Canadian Firms Face Labour Shortages as Expectations of Inflation Rise: Bank of Canada Survey

Canadian Firms Face Labour Shortages as Expectations of Inflation Rise: Bank of Canada Survey
A "closed" sign on a store window in Ottawa on March 23, 2020. The Canadian Press/Adrian Wyld
Andrew Chen
Updated:

Even with the easing of COVID-19 restrictions, Canadian businesses are recovering at a slow pace due to labour shortages and supply chain disruptions, which is leading to higher expectations of inflation, a new Bank of Canada survey says.

The bank’s business outlook survey for the third quarter of 2021, published on Oct. 18, shows close to half of roughly 100 firms surveyed now anticipate inflation to remain above 3 percent for the next two years, citing factors of supply chain disruption, fiscal and monetary policy stimulus, and the recent increase in food and energy prices.
A separate Bank of Canada survey of consumers for the same quarter in 2021 also found that Canadians anticipate short-term inflation, with expectations that one year from now inflation will rise to 3.72 percent—a survey high that exceeded expectations at longer horizons for the first time.

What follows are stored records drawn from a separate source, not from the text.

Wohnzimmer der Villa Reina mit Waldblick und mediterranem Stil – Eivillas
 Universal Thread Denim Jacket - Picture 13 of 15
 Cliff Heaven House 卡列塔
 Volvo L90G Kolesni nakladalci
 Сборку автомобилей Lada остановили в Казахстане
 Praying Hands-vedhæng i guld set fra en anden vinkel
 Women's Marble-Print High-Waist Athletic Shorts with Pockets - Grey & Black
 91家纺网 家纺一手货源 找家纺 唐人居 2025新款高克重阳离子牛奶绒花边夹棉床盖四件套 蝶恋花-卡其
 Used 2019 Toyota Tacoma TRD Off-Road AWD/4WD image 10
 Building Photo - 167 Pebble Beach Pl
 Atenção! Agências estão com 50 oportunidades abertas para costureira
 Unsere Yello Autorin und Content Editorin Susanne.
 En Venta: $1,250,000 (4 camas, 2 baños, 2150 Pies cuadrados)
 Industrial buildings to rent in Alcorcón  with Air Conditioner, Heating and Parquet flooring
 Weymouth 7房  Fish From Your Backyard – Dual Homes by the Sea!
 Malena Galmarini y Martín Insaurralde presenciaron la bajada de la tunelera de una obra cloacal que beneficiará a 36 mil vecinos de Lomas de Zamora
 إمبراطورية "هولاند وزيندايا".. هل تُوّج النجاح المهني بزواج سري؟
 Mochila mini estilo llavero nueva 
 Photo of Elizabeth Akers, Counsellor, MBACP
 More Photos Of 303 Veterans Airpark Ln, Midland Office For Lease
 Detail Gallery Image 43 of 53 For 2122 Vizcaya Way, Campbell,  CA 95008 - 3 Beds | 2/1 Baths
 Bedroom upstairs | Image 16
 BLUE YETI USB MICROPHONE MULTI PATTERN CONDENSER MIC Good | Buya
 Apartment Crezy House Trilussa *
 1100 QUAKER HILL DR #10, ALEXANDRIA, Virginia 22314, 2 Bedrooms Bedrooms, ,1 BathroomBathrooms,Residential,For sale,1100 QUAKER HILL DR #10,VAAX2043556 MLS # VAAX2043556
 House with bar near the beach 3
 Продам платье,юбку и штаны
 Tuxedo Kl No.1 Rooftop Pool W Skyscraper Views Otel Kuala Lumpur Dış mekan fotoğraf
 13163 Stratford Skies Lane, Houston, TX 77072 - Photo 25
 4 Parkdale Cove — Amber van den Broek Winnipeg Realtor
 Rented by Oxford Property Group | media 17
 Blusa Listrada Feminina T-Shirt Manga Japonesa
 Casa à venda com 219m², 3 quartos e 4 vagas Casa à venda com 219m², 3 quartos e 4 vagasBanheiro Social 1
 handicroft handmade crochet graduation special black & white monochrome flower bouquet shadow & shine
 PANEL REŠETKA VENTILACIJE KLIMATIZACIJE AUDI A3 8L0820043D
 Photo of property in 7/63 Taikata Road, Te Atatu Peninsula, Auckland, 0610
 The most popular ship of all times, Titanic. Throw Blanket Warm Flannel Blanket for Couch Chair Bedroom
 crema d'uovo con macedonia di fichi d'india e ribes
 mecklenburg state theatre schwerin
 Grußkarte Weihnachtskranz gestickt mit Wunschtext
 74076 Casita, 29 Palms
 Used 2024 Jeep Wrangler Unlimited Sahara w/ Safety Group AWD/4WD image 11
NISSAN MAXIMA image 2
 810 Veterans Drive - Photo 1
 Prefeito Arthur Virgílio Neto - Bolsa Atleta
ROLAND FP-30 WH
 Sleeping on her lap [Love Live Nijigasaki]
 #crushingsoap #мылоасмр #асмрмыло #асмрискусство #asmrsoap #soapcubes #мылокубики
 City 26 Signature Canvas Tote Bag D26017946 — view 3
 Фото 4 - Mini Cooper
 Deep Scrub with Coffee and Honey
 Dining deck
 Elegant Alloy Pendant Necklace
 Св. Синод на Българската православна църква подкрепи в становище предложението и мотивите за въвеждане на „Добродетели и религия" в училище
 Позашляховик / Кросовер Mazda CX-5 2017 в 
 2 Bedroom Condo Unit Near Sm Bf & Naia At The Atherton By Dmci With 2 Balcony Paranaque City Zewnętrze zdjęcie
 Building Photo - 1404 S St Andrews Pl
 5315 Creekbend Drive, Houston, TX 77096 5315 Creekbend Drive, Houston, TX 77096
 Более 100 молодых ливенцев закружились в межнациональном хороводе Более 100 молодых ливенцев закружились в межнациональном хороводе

Longer-term inflation expectations of two years and five years were around 3 percent.
The surveys were published amid Canada’s 18-year-high inflation rate, which rose to 4.1 percent in August fuelled by global supply chain disruptions and labour shortages.

According to the Bank of Canada’s business outlook survey, while Canadian firms are optimistic about faster sales growth in the coming 12 months, they are also experiencing serious capacity constraints. In the third quarter of 2021, 65 percent of businesses said they would have “some difficulty” or “significant difficulty” meeting an unexpected surge in demand.

“An unusually large portion of firms said they would have difficulty meeting an unexpected increase in demand. This is true in all sectors and regions except the Prairies,” the central bank’s businesses survey said.

“These bottlenecks are often caused by shipping delays and the impacts of COVID‑19 abroad, particularly the Delta variant. Businesses reported that these disruptions have worsened and become more common since the second quarter.”

The bank also found that supply chain constraints are most severe in the manufacturing sector. Firms now also expect supply chain disruptions to last until at least the second half of 2022.

However, labour shortages present an even bigger challenge for businesses. Travel restrictions, government income support, and workers’ health concerns are adding to structural and cyclical factors that existed even before the pandemic.

Over a third of firms (36 percent) said they are experiencing labour shortages which are restricting their ability to meet customer demands, the business survey shows.

“Firms facing capacity challenges continue to adjust internal work processes and their supply chains through a variety of creative measures,” the survey said. These measures include working more closely with suppliers, adding overtime hours, investing in automation, and finding efficiencies.

Firms also reported somewhat higher “retirement and quit rates” among staff compared with pre-pandemic levels, suggesting that a change in workers’ preferences “may be affecting the availability of labour.”

This is consistent with more Canadians (roughly 19 percent) reporting more willingness to leave their jobs voluntarily, as shown in the consumer survey.

The labour shortage is also adding pressure on companies to increase wages, with roughly 57 percent of them saying they expect labour costs to be higher over the coming year compared to last year. Only 7 percent expected labour costs to be lower.

Employment intentions remain at a record high, and firms also showed more intentions to increase capital investments over the next year than in the previous year, particularly in machinery and equipment.

Together, the business and consumer surveys will inform the Bank of Canada’s next rate decision on Oct. 27.